I went to church on Sunday. A normal and simple thing for a Christian to do, you might say. And indeed, I do it every week, and indeed, this week it was as simple as always. I got up early, hopped on a green Egged bus to the Old City, and hurried through the Jaffa Gate and along Christian Quarter Road, enjoying the silent peace of the streets when all the stores were shuttered and locked before the beginning of the day.

When I reached the Church of the Holy Sepulchre, I slipped across the courtyard and inside the Greek Orthodox Catholicon just in time for the beginning of Orthros. As the priests processed through the Aedicule of Christ’s crypt and into the main Greek Orthodox sanctuary, the familiar holy scent of incense filled my nostrils, the solemn chanting of the priests soothed my ears as doves flitted about in the dome up above, and the presence of others congregating around the church calmed me as they silently gathered to light their candles and worship.

Perhaps it was a bit odd, going to church on a day that in Israel is the start of the work week. Perhaps it was a bit odd, heading to worship when those on the bus around me were bustling to their jobs or heading out to do their weekly shopping. Perhaps it was a bit odd, but it was easy, natural, simple — something that is hardly natural, easy, or simple in the rest of the Middle East.

Greek Orthodox Orthros at Church of the Holy Sepulchre.

Greek Orthodox Orthros at Church of the Holy Sepulchre.

It’s certainly not easy, natural, or simple for my brothers and sisters in Iraq, where Christians have been kicked out of their homes by ISIS, slaughtered, and forced into refugee camps in Kurdistan. It is not as easy for the minority of Coptic Christians continually threatened and faced with violence and hatred in Egypt. It is not as easy for the Christians in Syria, suffering from the persecution of ISIS and the Syrian civil war. It is not easy for Christians nearly anywhere else in the Middle East — except here, in Israel, where the Basic Laws of Israel protect the free practice of religion in this country. It is a protection denied to my brethren in surrounding countries.

So this is a simple thank you to Israel — for the simple joy of allowing me to attend church freely on Sunday, and for making it so easy to do so.

It may seem like a silly thing to be thankful for, or an obvious truth hardly even worthy of note, but it is not — it is a tremendous blessing. Moreover, as those nations surrounding Israel that first directed their persecution at driving out the Jews now turn their attention to Christians, it is a blessing that ought never be taken for granted.

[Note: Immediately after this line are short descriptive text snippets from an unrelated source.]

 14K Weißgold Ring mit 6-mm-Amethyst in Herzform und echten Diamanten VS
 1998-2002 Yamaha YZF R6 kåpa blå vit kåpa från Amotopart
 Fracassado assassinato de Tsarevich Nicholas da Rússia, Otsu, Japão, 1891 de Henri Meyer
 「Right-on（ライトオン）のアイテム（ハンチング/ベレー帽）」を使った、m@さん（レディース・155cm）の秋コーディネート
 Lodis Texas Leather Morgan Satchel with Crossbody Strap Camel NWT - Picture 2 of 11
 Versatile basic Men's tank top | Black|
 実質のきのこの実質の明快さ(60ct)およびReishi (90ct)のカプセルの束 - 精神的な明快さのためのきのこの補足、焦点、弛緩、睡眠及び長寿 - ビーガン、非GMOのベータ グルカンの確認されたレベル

I have no one but Israel and Israel’s religious freedom to thank, that as an American Christian visiting Israel I can go to worship freely at the site where many believe Christ was crucified and resurrected. Thank you Israel for your toleration, for your protection, and for providing a sanctuary and haven of freedom as you face the threat of annihilation on all sides.

Thank you for making it so simple for me to go to church on Sunday.